= Information supplied =
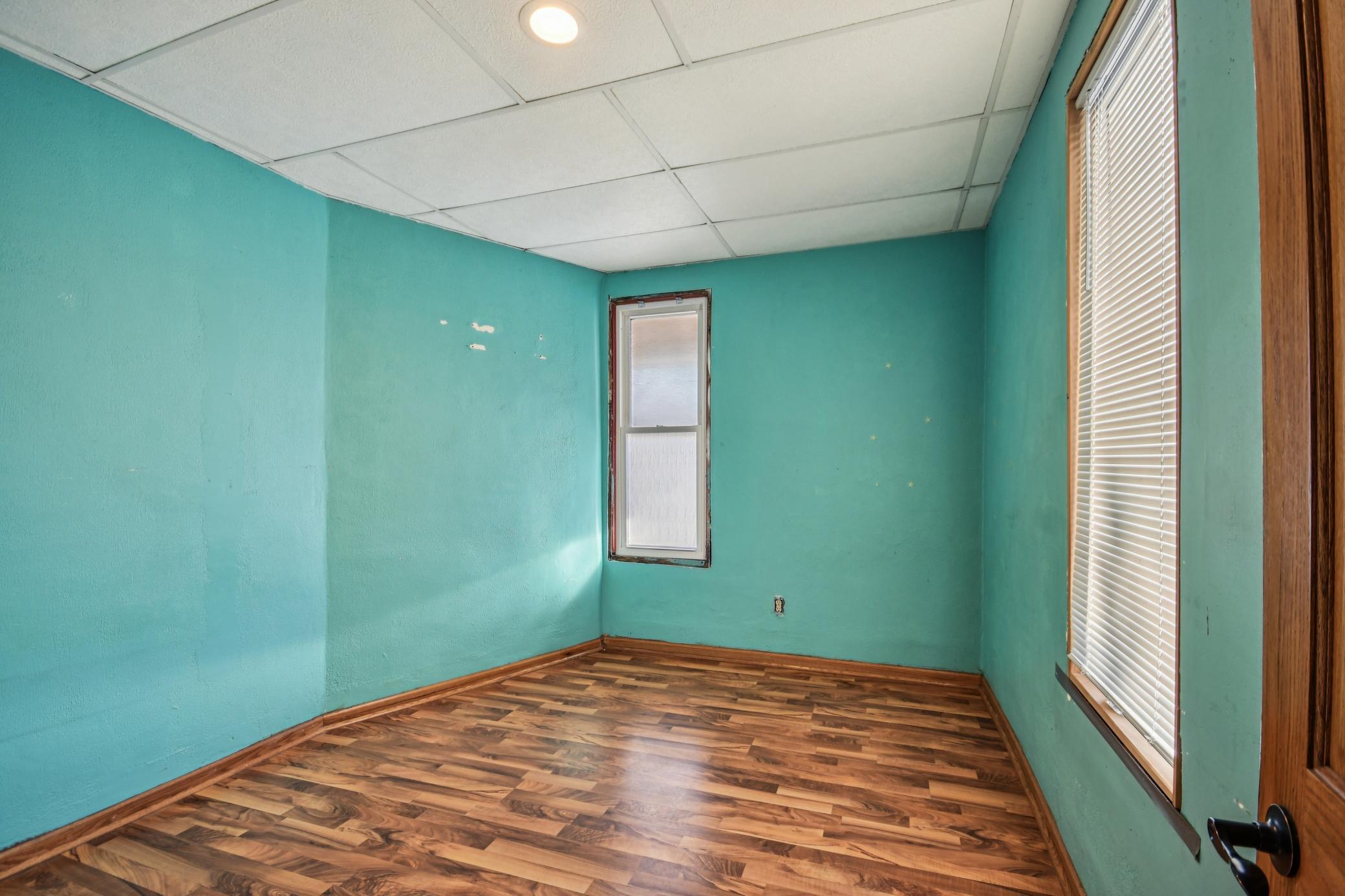 1417 Marion Street St. Paul, MN 55117 - Photo 31 of 46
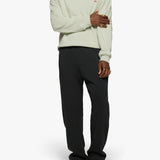 Logo Sweatpant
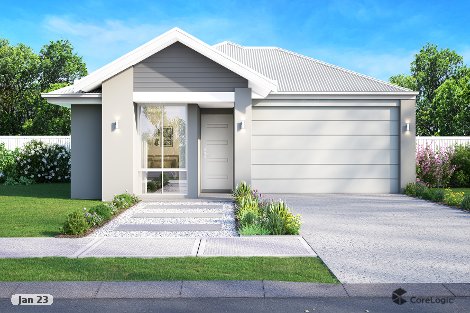 Lot 2/16 George St, Gosnells, WA 6110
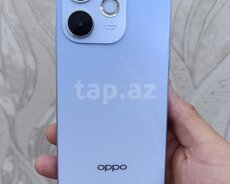 OPPO A5 Pro 256GB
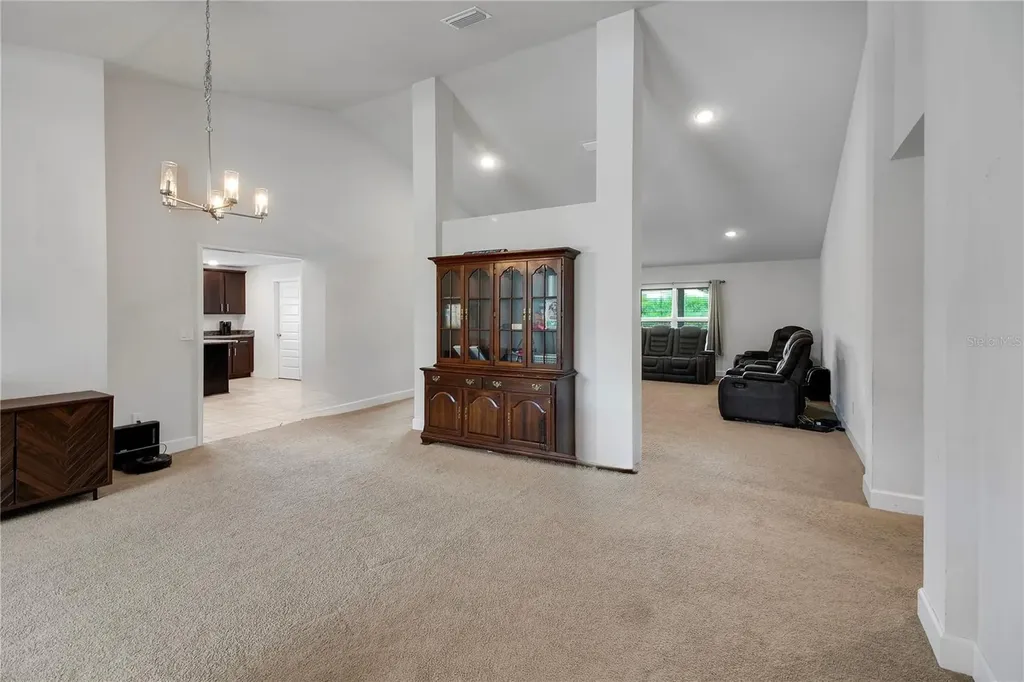 9946 SE 159th Street Summerfield FL 34491
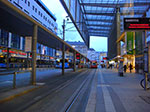 CIMG9482.jpg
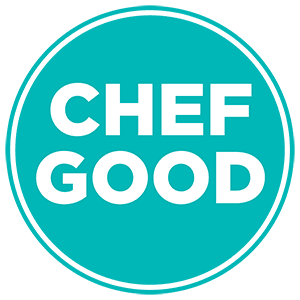 Chefgood Logo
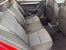Skoda Octavia 1.6 TDI S DSG Euro 6 (s/s) 5dr 31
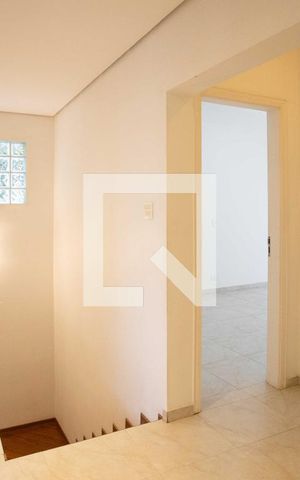 Casa à venda com 385m², 6 quartos e 2 vagasHall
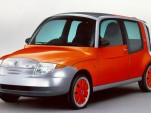 Fiat planning new low-cost minicar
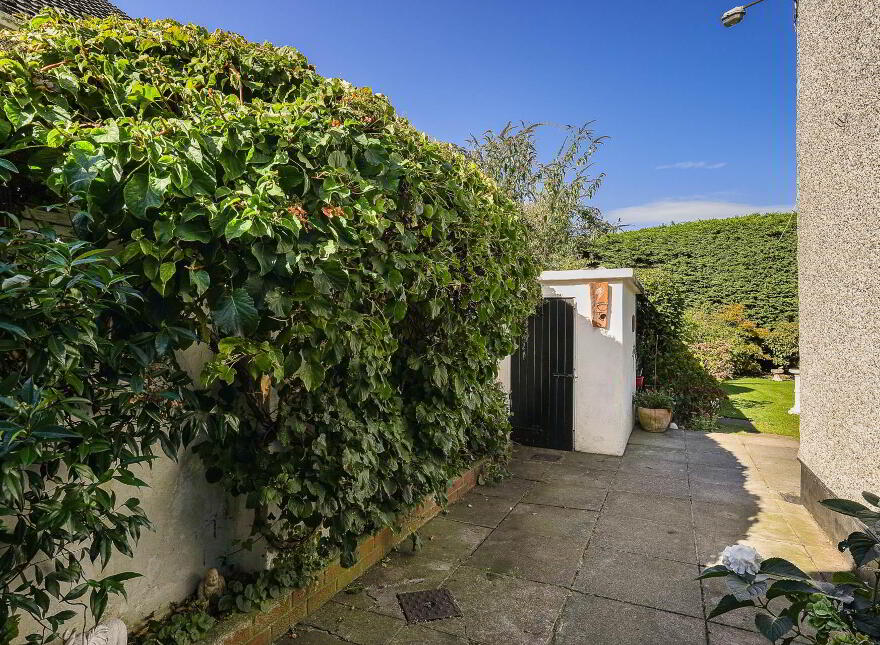 Casa Mia, Avondale Road, Killiney, A96X0X5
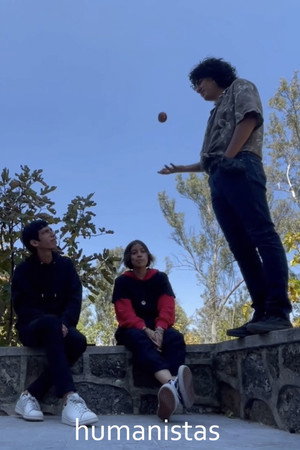 humanistas 3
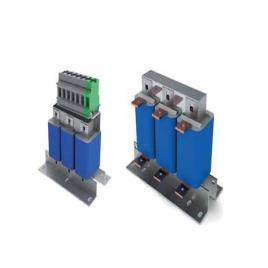 Standard Motor Choke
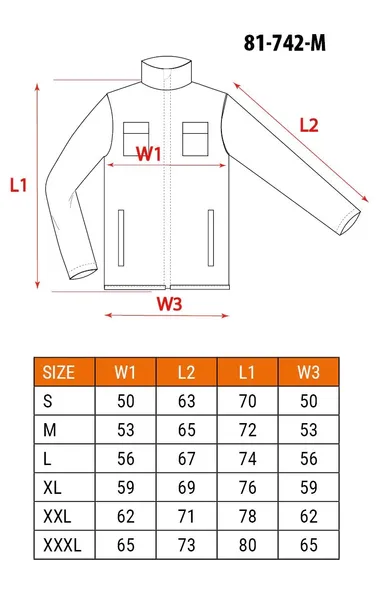bluza-neo-tools-rozm-m-sezon-wiosna-jesien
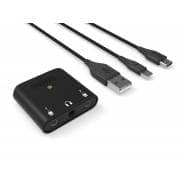 Rode AI-Micro Compact Mobile Audio Interface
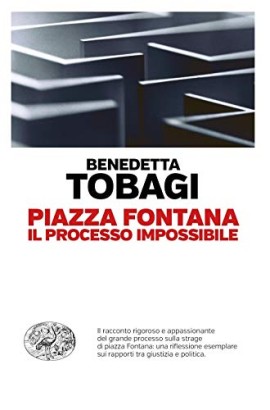 Piazza Fontana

= Required work =
Begin at the line containing "Fiat planning new low-cost minicar" and extract every line through the end of the records, inclusive, exactly and only; omit pictures.

= The completed task =
 Fiat planning new low-cost minicar
 Casa Mia, Avondale Road, Killiney, A96X0X5
 humanistas 3
 Standard Motor Choke
bluza-neo-tools-rozm-m-sezon-wiosna-jesien
 Rode AI-Micro Compact Mobile Audio Interface
 Piazza Fontana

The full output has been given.